Claro que depois há que ir na “moda”. E isso passa por tentar perceber “onde podemos ir buscar dinheiro para alavancar rapidamente, do ponto de vista de capital intensivo, competências internas que não temos e temos de ir comprar. “Seja tecnologia seja recursos humanos, para alavancarmos algumas áreas crítica da nossa solução. Por outro lado, procuramos ainda pessoas ou entidades nos possam ajudar a transportar esta mensagem o mais rápido possível aos mercados onde queremos atuar”.

E tem corrido bem, diz Júlio Boga. A empresa participou em dois programas de aceleração, o que “ajudou imenso”.

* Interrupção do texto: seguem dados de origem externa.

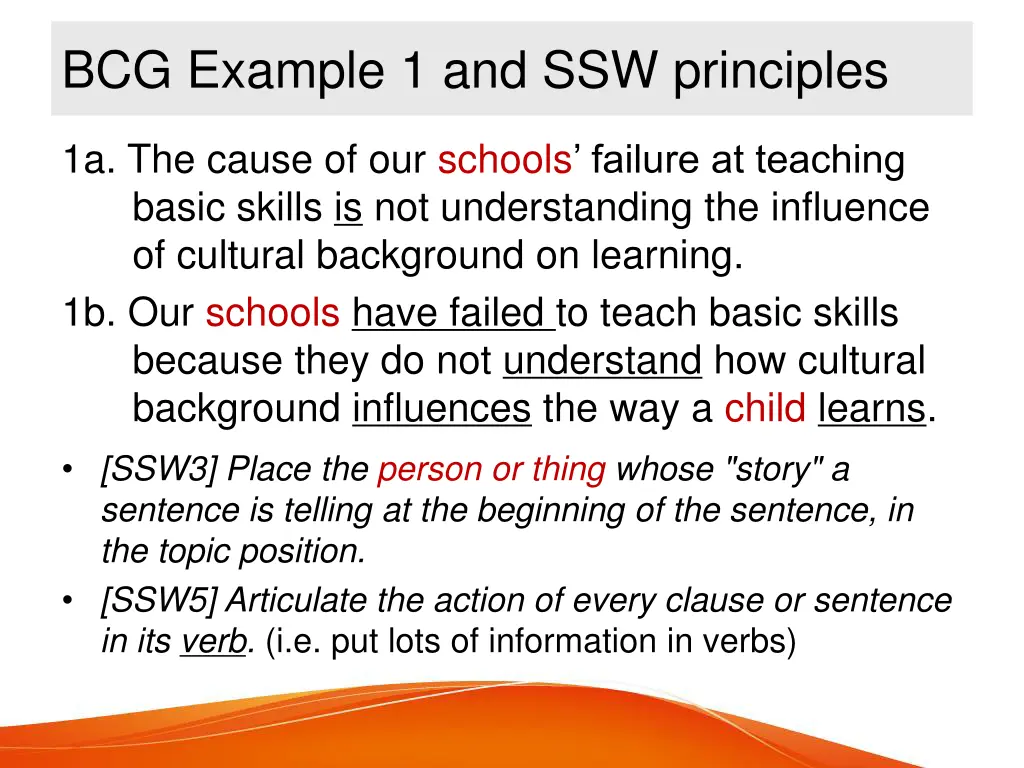 bcg example 1 and ssw principles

“Ficamos no terceiro lugar do Beta-i, o que nos deu alguma visibilidade e nos permitiu fazer um roadmap por São Paulo, Nova Iorque e Londres. Nessa experiência, conseguimos ganhar a visibilidade que procurávamos e o que nos proporcionou, em 2013, que fossemos alvo de um investimento. Participamos ainda no programa de aceleração da Deloitte.

Um programa que face às necessidades internas da consultora procura saber no mercado que oferta existe do ponto de vista de startups e que de alguma forma pode acelerar por a resolução de problemas internos. “Aí tivemos um imenso sucesso pelo que o nosso produto faz parte do ‘scope’ da Deloitte. Em 2016, no mesmo contexto, mas com a Microsoft”.

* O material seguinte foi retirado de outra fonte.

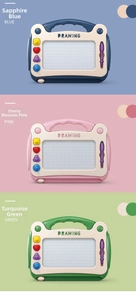 Three-color magnetic drawing boards with pens and shaped stamps for creative kids play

Desse ponto de vista, Júlio Boga diz que o caminho é relativamente facilitado desde que a oferta, o produto ou o serviço, faça sentido e do ponto de vista de gestão quem dá a cara e quem tem a visão consiga fazer passar essa mensagem.

“Portugal é extremamente pequeno para ficar pelo mercado nacional, sobretudo no contexto de desenvolvimento de uma solução digital. Quando estamos a fazer uma exportação estamos a vender mais um produto que acaba por ter as mesmas dificuldades que qualquer outro produto ou serviço tem com a marca Portugal”.

Para Júlio Boga, de todo Portugal tem condições para ser um Silicon Valley da Europa. “Existe Londres e Berlim e países como a Estónia que têm tido muito sucesso nesta área”.

Depois, a capacidade de retenção de talentos e capacidade de atração de talentos externos é fraco. “Vivemos com políticas de emprego que o mercado vê como questionáveis. Não conseguimos reter os nossos talentos e não conseguimos trazê-los de fora para dentro porque ou simplesmente não os conseguimos atrair ou são tão caros que se inviável e pouco competitivo”.

Por outro lado, a experiência desse tal ecossistema, segundo Júlio Boga, é ainda parca.

Mas a última mensagem acaba por ser de esperança. Até porque vem aí o Web Summit que poderá catapultar o nome de Portugal e dos projetos portugueses para terrenos nunca antes desbravados. Resta saber se teremos a capacidade de abraçar todas estas (potenciais) oportunidades.